Marginal note:Excepted transmissions
(2) Notwithstanding subsection (1), if the laws of the jurisdiction governing the transmission of a security of a deceased holder do not require a grant of probate or of letters of administration in respect of the transmission, a personal representative of the deceased holder is entitled, subject to Part VII and any applicable law relating to the collection of taxes, to become registered as the owner or to designate a person to be registered as the owner, if the personal representative delivers to the company or its transfer agent the following documents, namely,
(a) the security certificate that was owned by the deceased holder; and
(b) reasonable proof of the governing laws, of the deceased holder’s interest in the security and of the right of the personal representative or the designated person to become the registered shareholder.
Marginal note:Right of company to treat as owner
(3) Subject to Part VII, delivery of the documents referred to in this section empowers a company or its transfer agent to record in a securities register the transmission of a security from the deceased holder to a person referred to in paragraph 97(2)(a) or to such person as the person referred to in that paragraph may designate and, thereafter, to treat the person who becomes so registered as the owner of that security.
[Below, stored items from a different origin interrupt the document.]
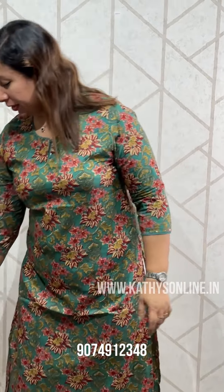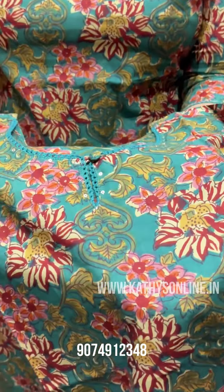This is a green print. This is the neck. This is a lace sleeve. This is a 46 size available. The length is 46-47.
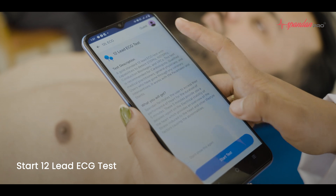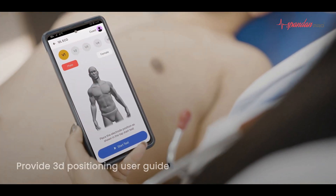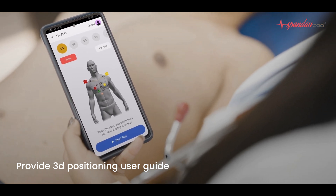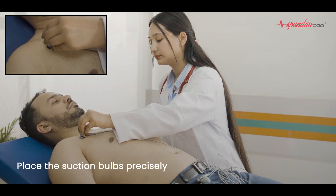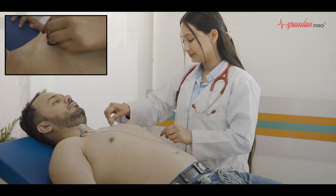Select the 12 Lead ECG test and tap on Start Test. You will see the electrode positioning on the screen. Start positioning the suction bulbs according to the instructions in the Spandhan ECG application.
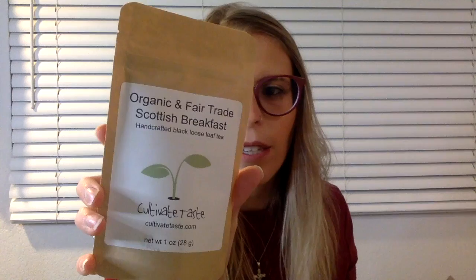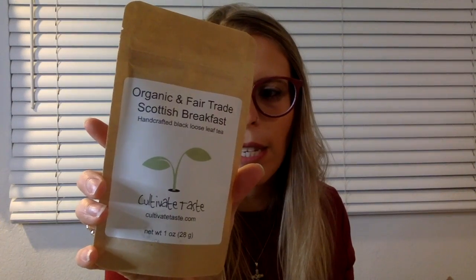Organic and Fair Trade Scottish Breakfast. This one is a black tea as well — a golden black tea. All of these are black teas so far, so perhaps that's the common thread here.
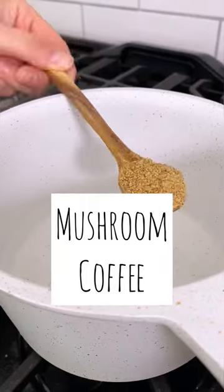Mushroom coffee, anyone? I really don't drink a lot of regular coffee anymore — it makes me kind of jittery.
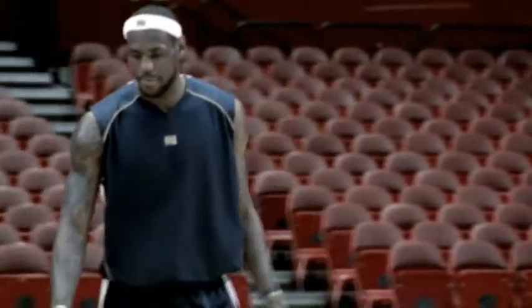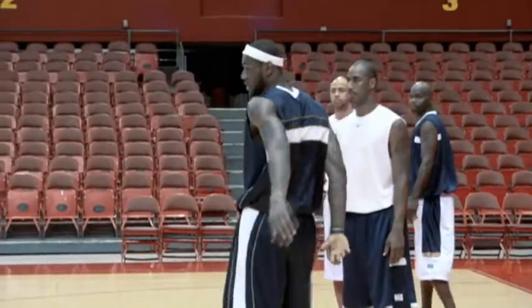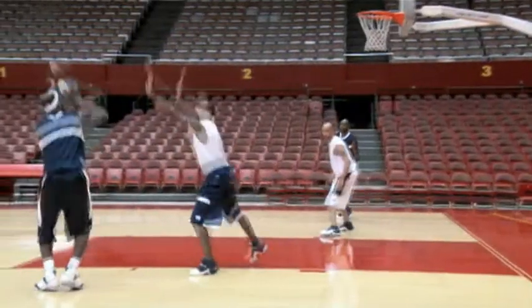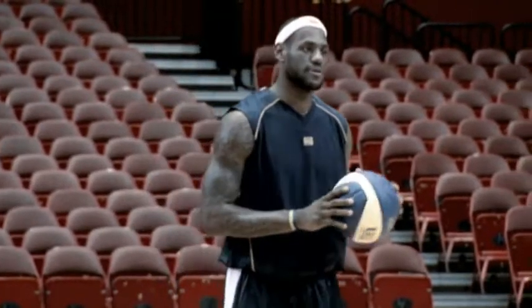It's all about having the proper footwork, the proper balance. You just step back off that right foot on the inside foot, and it's a very difficult shot, but if you can get it down, it's very effective.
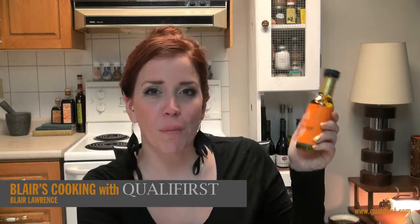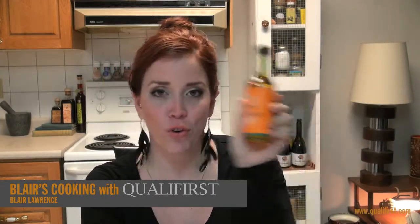Hey, it's Blair Lawrence for Blair's Cooking with Qualifers. Today I'm talking about a really great citrus product, Boyagen Pure Orange Oil.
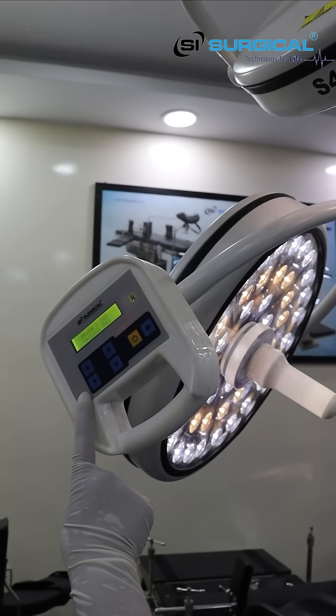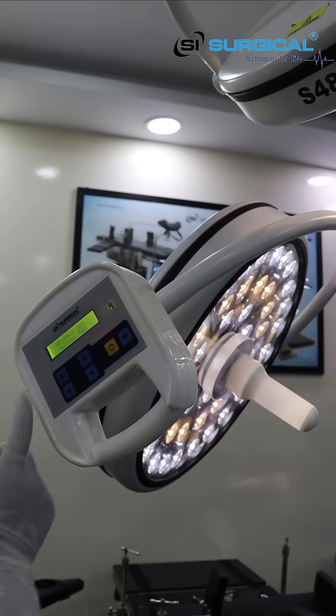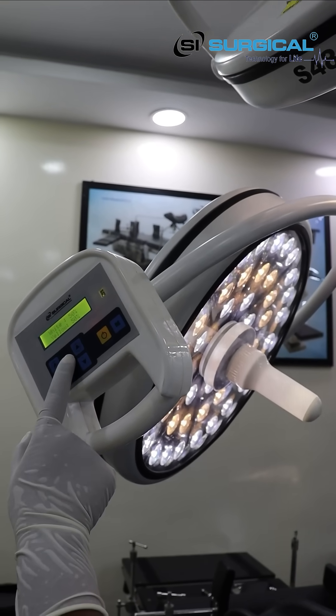These are the features: high to low for the OT light, this for white light, and this for yellow light. Let's go to our factory where we manufacture this OT light.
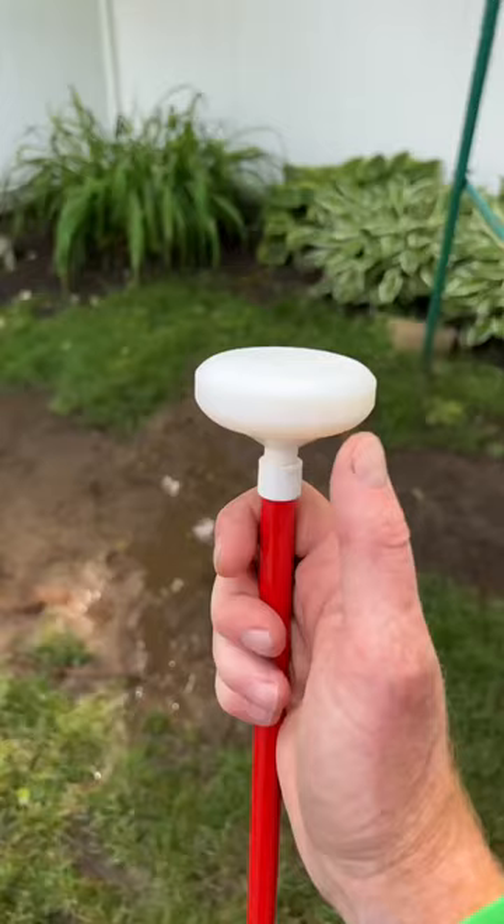And then finally, my favorite — the jumbo roller cane tip does a great job of just going straight through the mud and still being able to feel any dips or holes in the mud.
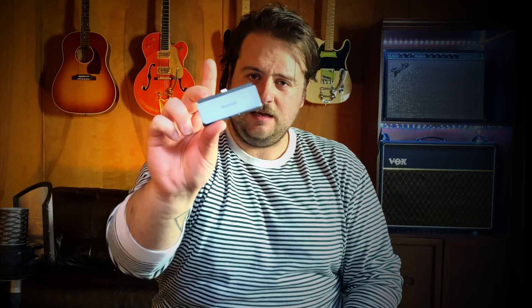The number one thing that I would recommend anyone gets when looking to record any music into their iPad is a USB-C dongle of some sort. This one was just off Amazon — it's called the Homie — and it just plugs straight into the side of my iPad. I like this one because it has a charge-through port so I can keep charging my iPad, but I can also use HDMI and USB externally.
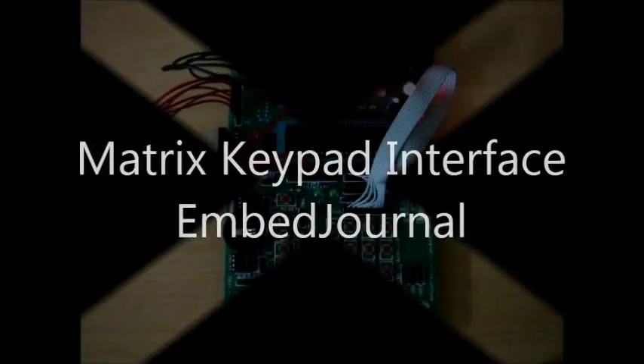Hello and welcome back to Embedjourner.com. In this video we will see the demonstration for the 4x4 matrix keypad interface.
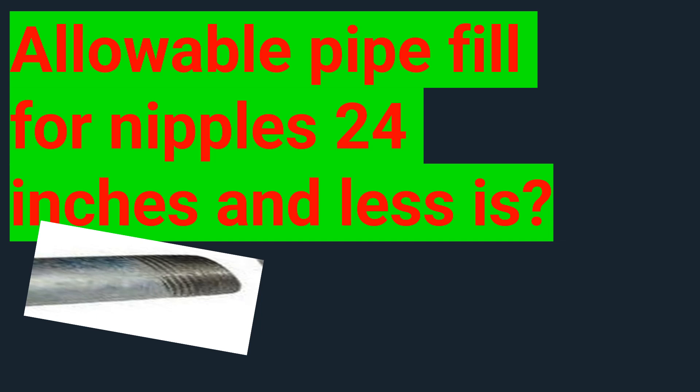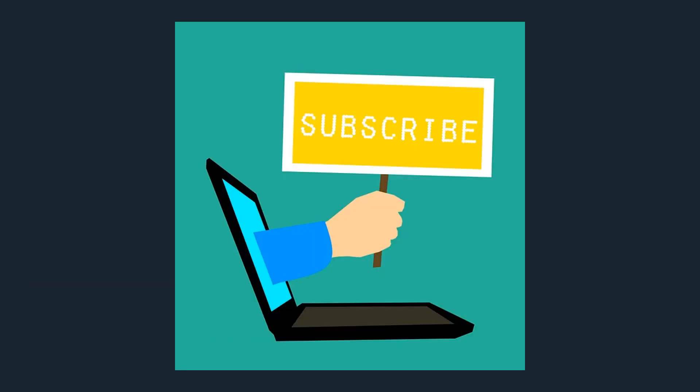I hope you guys have a great day. Stay safe out there, keep fighting the good fight, and let's get to it. I just want to remind you that I offer free coaching for anyone who needs help in life or business. Just email me at electricalcodecoach@gmail.com.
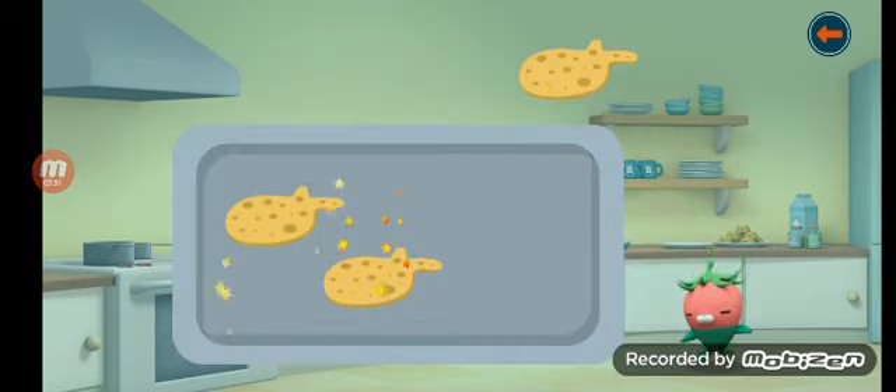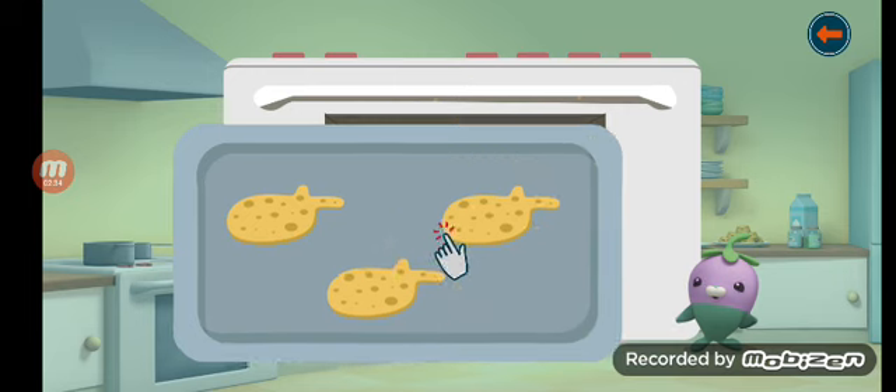Now you can put the fish biscuits on the baking sheet. Bake the fish biscuits.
- 1991, c. 47, ss. 100, 758
Marginal note:Over-issue
101 (1) The provisions of this Part that validate a security or compel its issue or reissue do not apply to the extent that a validation, issue or reissue would result in over-issue, but
(a) if a valid security similar in all respects to the security involved in the over-issue is reasonably available for purchase, the person entitled to the validation or issue may compel the issuer to purchase and deliver such a security to that person against surrender of the security that the person holds; or
(b) if a valid security similar in all respects to the security involved in the over-issue is not reasonably available for purchase, the person entitled to the validation or issue may recover from the issuer an amount equal to the price the last purchaser for value paid for the invalid security.
Marginal note:Retroactive validation
(2) Where an issuer is subsequently authorized to issue securities of a number equal to or exceeding the number of securities previously authorized plus the amount of the securities over-issued, the securities so over-issued are valid from the date of their issue.
Marginal note:Payment not a purchase or redemption
(3) A purchase or payment by an issuer under subsection (1) is not a purchase or payment in respect of which section 75 or 81 applies.
Marginal note:Burden of proof
102 In any action on a security,
(a) unless specifically denied in the pleadings, each signature on the security or in a necessary endorsement is admitted;
(b) a signature on the security is presumed to be genuine and authorized but, if the effectiveness of the signature is put in issue, the burden of establishing that it is genuine and authorized is on the party claiming under the signature;
(c) if a signature is admitted or established, production of the instrument entitles a holder to recover on it unless the defendant establishes a defence or a defect going to the validity of the security; and
(d) if the defendant establishes that a defence or defect exists, the plaintiff has the burden of establishing that the defence or defect is ineffective against the plaintiff or any person under whom the plaintiff claims.
Marginal note:Securities fungible
103 Unless otherwise agreed, and subject to any applicable law, regulation or stock exchange rule, a person required to deliver securities may deliver any security of the specified issue in bearer form or registered in the name of the transferee or endorsed to the transferee or in blank.